The ‘Century of the Fruitbat’ bustle
And in order to keep a happy marriage happy he allowed Sybil to bustle in, wearing, in fact, a bustle,* to adjust his shirt, tweak his collar, and make him fit for company.
It’s no secret that one of my favourite living authors is Terry Pratchett. I’ve read every single one of his books, slip references to him into my writing, hum songs about hedgehogs to myself as I wash dishes (true story, I was 25 before I figured out what that word meant, and thus, why the song was naughty), and treat myself his newest work every time I have a plane flight longer than an hour. I love Terry Pratchett; he’s brought so much joy to my life, and is the only author I would line up to get a book signed by.
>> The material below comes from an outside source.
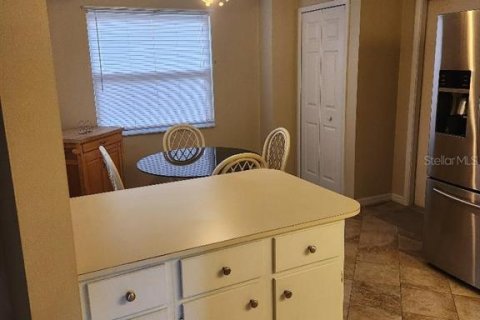 House in Sebring, Florida 2 bedrooms, 104.79 sq.m. № 1788242 - photo 5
I’ll never get the opportunity now.
Terry Pratchett is dying. He has a very rare form of early-onset Alzheimer’s, and so a man who has made his living by his wits is slowly loosing them.
I cried when I heard the news.
He’s the only celebrity I have ever cried for. I cried like I knew him in person, because I think I do. I think he slipped a little of himself into every book. He’s there with Rincewind, always on the run, with Sam Vimes, watching the watchman, with Granny Weatherwax and Nanny Ogg, saving the world from fairies, vampires & fairy godmothers alike, with Mau on the island, trying to be a man and find his nation.
One of the things that has always fascinated me about Pratchett’s books is his references to clothes. They aren’t clothes-oriented books, but you always get a good picture of what people are wearing: Magrat in her hippie layers, tripping over her necklaces, Vimes looking supremely uncomfortable in knee breeches, Polly Oliver learning the importance of socks, Captain Carrot and his breastplate radiating polish, Moist von Lipwig hiding behind his golden suit, Cheri Littlebottom with heels welded to her iron boots. Brilliant.
My favourite are the mentions of bustles. Pratchett clearly finds bustles fascinating, and hilarious (oh, c’mon, aren’t they!) Saccarrisa wears a bustle in Going Postal, and the quote at the top (and bottom, this being Pratchett) is from Snuff. If Adorabelle Dearheart wears a bustle I’m sure it’s spring-loaded.
So this is my Pratchett bustle (because even though this is the Century of the Fruitbat a lady can still keep her dignity and her extensive derriere). Someday it will go under my completed Polly Oliver uniform, where all that extra space will be the perfect place to keep half an onion (because every woman happens to have half an onion when its time to scramble up a meal).
I’m wearing the bustle with a commercial chemise, a petticoat and drawers that you can’t see, and my still-unfinished Nana corset. Also, all of the Pratchett books I could carry (and attempt to balance on my head).
(I’d like to assure you that the second photo is staged – no books were harmed in the making of this post!)
I’m very pleased with the bustle – it’s such a fun, ridiculous thing to wear, and I really needed a new one for my historical wardrobe. The only thing that I regret is that I haven’t found a way to make it spring-loaded.
Oh, and because this is about bats, the song to go with it is of course Batfly by FatCat & Fishface (aren’t those puppets cool and creepy?).
Just the facts, Ma’am:
Fabric: 3ish metres of cotton (thrifted for no more than $5)
Pattern: Mine own
Year: ca. 1885 / Century of the Fruitbat
Notions: thread, 3m of hoopskirt boning (a gift from someone years ago), 9 buttons inherited from Nana.
And the insides? French seams
Hours: 8 hours, over 2 and a half years (sad), by at least 6 people and myself. I cut it, a friend hemmed the ruffles, another friend sewed the side seams, another friend sewed the first ruffle on, someone else cut the boning channels, someone else hemmed it, I did the front placket, buttons, the last ruffles, and sewed on the boning channels. It was a group effort!
First worn?: Thursday 16 August under this to give a talk.
Wear again?: Yes! Under Polly Oliver, under Japonisme, and maybe for the heck of it.
Make again?: Actually, yes. I sometimes have the need for lot of bustles.
Total cost: $5
*Sybil had explained to Vimes that in the country one dresses at least a decade earlier than in the city, hence the bustle, and, for Vimes, a pair of breeches: the ancient ones with trap doors front and rear and a slightly distressing smell all over.